4月27日、アブダビで開催されたAbu Dhabi Autonomous Racing League(A2RL)と名づけられたレース大会。このイベントの最大の特徴は、自動運転AIによって順位を競うことだ。

イベントの模様はインターネットで中継され、全世界で60万人以上が”高速無人カー”の競争を見守った。

レースのために「特殊な車両」を用意

アブダビ先端技術研究評議会(ATRC)の技術およびプログラム開発組織であるASPIREが管理運営するこのイベントは、次世代の技術を担うSTEM人材の育成も兼ねている。そのため参加チームは、大学や研究機関を中心とする若手のプログラマーや技術者で構成された。

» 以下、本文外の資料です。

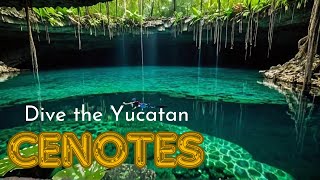 Exploring Hidden Wonders Yucatan Cenotes Adventure [upl. by Kruger]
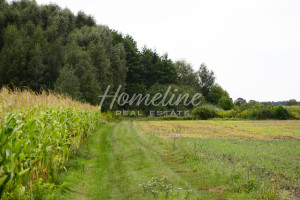 Działka na sprzedaż 1030m2 trzebnicki Prusice - zdjęcie 1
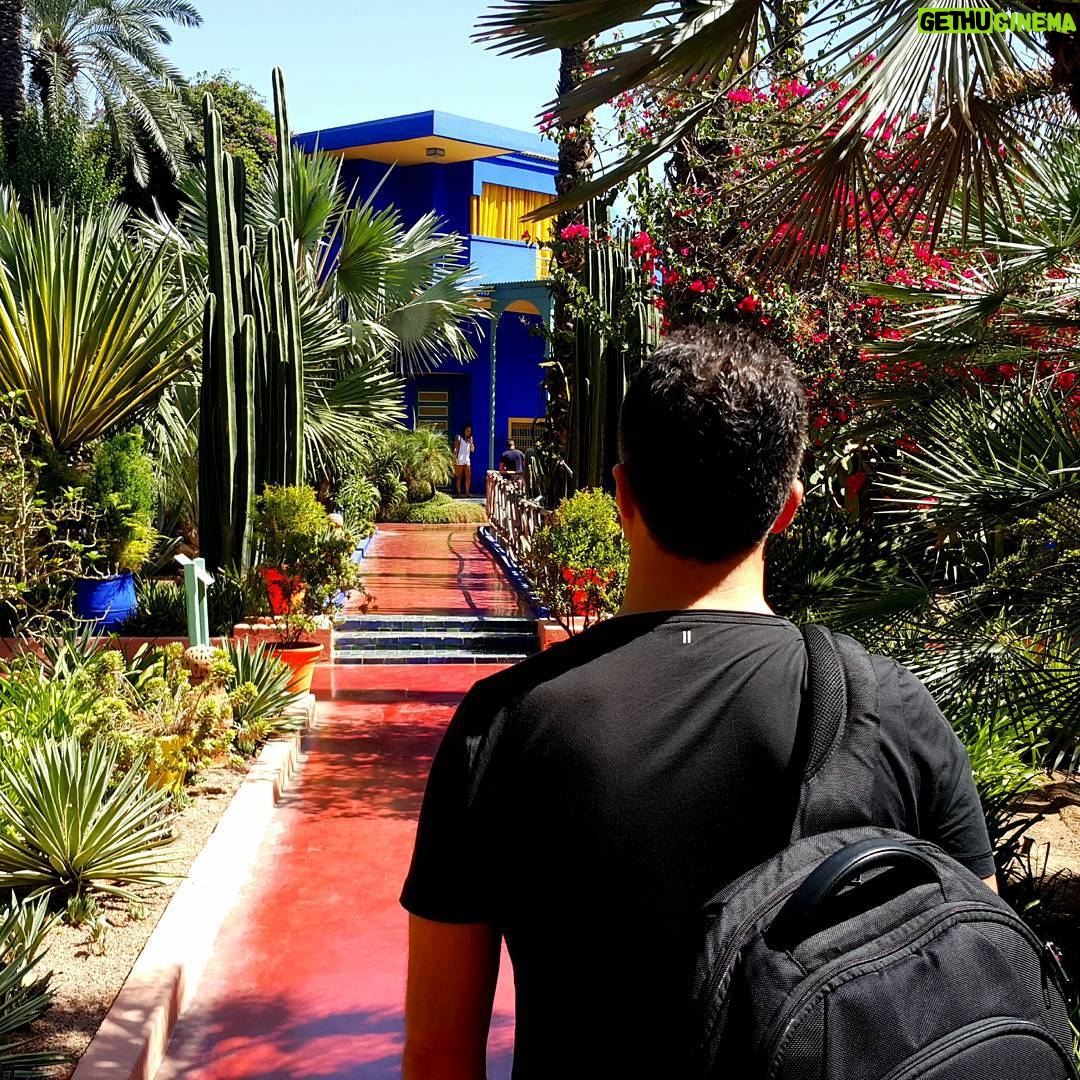 Özcan Deniz Instagram - Marakkech de Yves saint laurent in bahcesinde buyulendik mavisine..#jardinmajorelle #morocco #fas #marakkech #fashion #yvessaintlaurent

【写真】アブダビで開催されたレースでズラリと並んだ”AIレーシングカー”やレースの様子

レースで使用するレーシングカーには、日本のフォーミュラカーレース「スーパーフォーミュラ」用に開発されたダラーラ社製の「SF23」がベース車両として選ばれた。そして、通常ならドライバーが乗り込むSF23のコックピット部分に、ASPIREが用意する自動運転用コンピューターシステムを搭載。さらに車体各部にはLiDARやレーダー、GPS、コンピュータービジョン用カメラなどを備えたA2RL仕様とし、各チームに同一条件で供給する。

コンピューターシステムの仕様を解説する公式動画(A2RL公式YouTubeチャンネル

参加チームのプログラマーたちは、供給されたマシンに搭載された各種センサーからの情報をいかに処理し、運転操作に反映するかを連続的に判断・処理するAIアルゴリズムを開発、レースでその能力を競うのである。